Dans cette décision majoritaire (à six contre un), la Cour constate que les agents sont représentés par une structure qui, loin d'être indépendante de la direction, «forme plutôt une partie de cette dernière».

Le règlement en place interdit aux agents de la GRC de se faire représenter par toute autre structure que le Programme des représentants des relations fonctionnelles (PRRF). Cette restriction porte atteinte à la liberté d'association protégée par la Charte des droits et libertés. Ce régime, soulignent les juges, a même été conçu spécifiquement dans ce but.

Le jugement ne devrait pas surprendre la direction, puisqu'en 2007 un groupe de travail chargé d'examiner la gouvernance et la culture de la GRC avait déjà conclu que les Représentants des relations fonctionnelles (RRF) faisaient «partie intégrante de la chaîne de commandement de la GRC».

Tant la Gendarmerie royale du Canada que les gouvernements, conservateur et libéral, ont tout fait pour s'opposer à la syndicalisation de ces policiers. Cette volonté d'exercer une autorité sans partage sur le personnel n'a jamais servi la GRC. Les accusations de harcèlement sexuel, les dénonciations qui se multiplient à l'endroit de cette organisation sont liées à cette culture.

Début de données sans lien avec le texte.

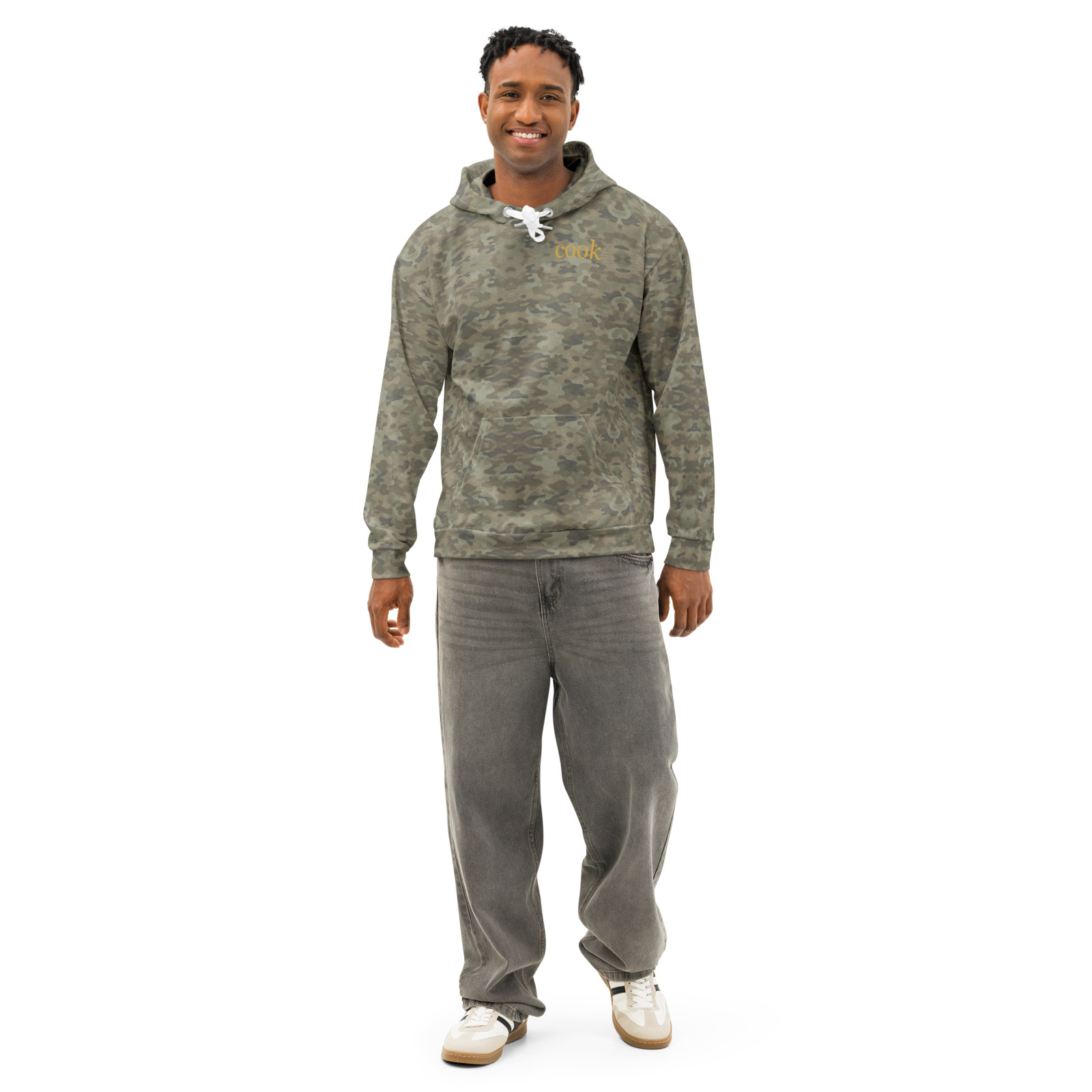 Cook Curated product image of the Cook all-over hoodie in muted field camouflage with mustard wordmark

Les mesures mises en place par l'état-major, sous la direction du commissaire Bob Paulson, nommé en 2011, n'auront que des impacts limités et superficiels tant et aussi longtemps que les policiers auront les mains liées par un règlement anachronique qui les empêche de profiter d'une représentation digne de ce nom.

La négociation collective constitue un aspect fondamental de notre société qui «favorise la dignité humaine, la liberté et l'autonomie des travailleurs» en leur permettant de participer à l'adoption des règles qui régissent leur milieu de travail, rappelle le jugement. Un objectif qui ne peut être atteint «si l'employeur domine ou influence le processus qui l'entoure».

C'est justement la situation qui prévaut à la GRC et qui empoisonne les relations de travail au sein de cette organisation. Il ne peut y avoir de mécanisme équitable de résolution des conflits sans un équilibre entre les forces respectives de l'administration et des employés. Cet équilibre n'existe pas présentement.

Le jugement de la Cour suprême représente l'aboutissement d'une longue et éprouvante bataille juridique pendant laquelle les dirigeants de la GRC ont tout fait pour museler les porte-parole des groupes qui ont entamé ces procédures. Chaque fois qu'il en a eu l'occasion, le commissaire Paulson a dénigré ceux et celles qui ont osé critiquer le système en place, comme si la volonté de se syndiquer était une maladie honteuse.

Le jugement n'oblige pas le gouvernement à inclure la GRC dans le régime actuel de la Loi sur les relations de travail dans la fonction publique. Il interdit cependant au législateur d'entraver leur droit à un vrai processus de négociation collective. Il sera intéressant de voir quels choix feront les groupes de policiers dans les différentes provinces. Rien ne garantit que les agents du Québec feront les mêmes choix que ceux de la Colombie-Britannique ou des Maritimes, mais désormais, on ne pourra plus ignorer leur volonté.